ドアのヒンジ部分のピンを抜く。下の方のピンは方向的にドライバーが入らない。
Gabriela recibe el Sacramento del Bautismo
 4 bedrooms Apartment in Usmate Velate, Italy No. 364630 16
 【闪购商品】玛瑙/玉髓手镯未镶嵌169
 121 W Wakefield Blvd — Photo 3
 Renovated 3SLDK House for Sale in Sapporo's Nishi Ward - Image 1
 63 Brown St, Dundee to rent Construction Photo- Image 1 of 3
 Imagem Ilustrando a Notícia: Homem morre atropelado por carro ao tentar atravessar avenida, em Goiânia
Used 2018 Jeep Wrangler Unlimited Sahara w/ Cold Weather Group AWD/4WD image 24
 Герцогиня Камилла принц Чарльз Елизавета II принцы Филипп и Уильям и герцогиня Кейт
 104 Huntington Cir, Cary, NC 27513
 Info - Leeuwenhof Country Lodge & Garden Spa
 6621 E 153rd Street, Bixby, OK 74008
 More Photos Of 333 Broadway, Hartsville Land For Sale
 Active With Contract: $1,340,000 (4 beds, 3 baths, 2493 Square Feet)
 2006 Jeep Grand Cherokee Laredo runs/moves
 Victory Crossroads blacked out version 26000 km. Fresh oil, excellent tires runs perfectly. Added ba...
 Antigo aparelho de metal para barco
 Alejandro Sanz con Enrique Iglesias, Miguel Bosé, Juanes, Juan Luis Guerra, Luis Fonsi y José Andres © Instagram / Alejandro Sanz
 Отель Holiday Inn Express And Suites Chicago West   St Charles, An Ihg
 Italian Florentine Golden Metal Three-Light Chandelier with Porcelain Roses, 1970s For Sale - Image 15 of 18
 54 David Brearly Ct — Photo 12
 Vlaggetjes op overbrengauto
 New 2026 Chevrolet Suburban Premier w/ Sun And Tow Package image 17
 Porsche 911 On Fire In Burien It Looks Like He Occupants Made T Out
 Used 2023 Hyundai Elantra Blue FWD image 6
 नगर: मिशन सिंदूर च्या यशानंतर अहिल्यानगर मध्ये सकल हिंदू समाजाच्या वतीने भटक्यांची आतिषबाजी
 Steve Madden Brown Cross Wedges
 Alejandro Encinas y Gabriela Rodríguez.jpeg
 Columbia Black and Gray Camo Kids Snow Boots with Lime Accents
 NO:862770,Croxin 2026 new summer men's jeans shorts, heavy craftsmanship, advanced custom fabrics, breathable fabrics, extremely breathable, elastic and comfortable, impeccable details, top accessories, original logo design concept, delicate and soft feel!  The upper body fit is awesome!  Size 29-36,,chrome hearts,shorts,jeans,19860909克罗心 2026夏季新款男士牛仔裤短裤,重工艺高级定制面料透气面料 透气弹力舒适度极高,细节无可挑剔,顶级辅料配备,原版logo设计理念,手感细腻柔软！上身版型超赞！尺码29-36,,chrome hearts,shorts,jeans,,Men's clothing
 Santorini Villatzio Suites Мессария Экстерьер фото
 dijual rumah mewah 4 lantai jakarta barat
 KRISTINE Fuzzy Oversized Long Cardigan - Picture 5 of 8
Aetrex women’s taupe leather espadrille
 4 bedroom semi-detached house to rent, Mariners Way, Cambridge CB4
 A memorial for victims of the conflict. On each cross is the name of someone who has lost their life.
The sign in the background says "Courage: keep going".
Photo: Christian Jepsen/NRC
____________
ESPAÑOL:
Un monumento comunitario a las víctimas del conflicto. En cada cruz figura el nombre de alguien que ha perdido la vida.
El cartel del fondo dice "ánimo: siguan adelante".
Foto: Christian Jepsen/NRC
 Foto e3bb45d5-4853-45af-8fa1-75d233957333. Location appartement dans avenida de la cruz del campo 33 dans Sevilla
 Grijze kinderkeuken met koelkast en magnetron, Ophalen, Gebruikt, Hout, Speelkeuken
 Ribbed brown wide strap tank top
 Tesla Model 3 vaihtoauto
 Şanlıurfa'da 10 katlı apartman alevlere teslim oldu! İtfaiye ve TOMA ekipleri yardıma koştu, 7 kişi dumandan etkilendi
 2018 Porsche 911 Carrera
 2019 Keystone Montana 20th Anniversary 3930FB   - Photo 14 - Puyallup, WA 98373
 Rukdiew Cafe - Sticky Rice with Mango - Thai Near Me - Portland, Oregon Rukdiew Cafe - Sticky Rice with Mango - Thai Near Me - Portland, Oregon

• [Task to carry out]: Repeat exactly the lines of the listing above, from the one with "121 W Wakefield Blvd — Photo 3" down to the one with "Imagem Ilustrando a"; both of those lines belong in the range.

• [Exercise output]:
 121 W Wakefield Blvd — Photo 3
 Renovated 3SLDK House for Sale in Sapporo's Nishi Ward - Image 1
 63 Brown St, Dundee to rent Construction Photo- Image 1 of 3
 Imagem Ilustrando a Notícia: Homem morre atropelado por carro ao tentar atravessar avenida, em Goiânia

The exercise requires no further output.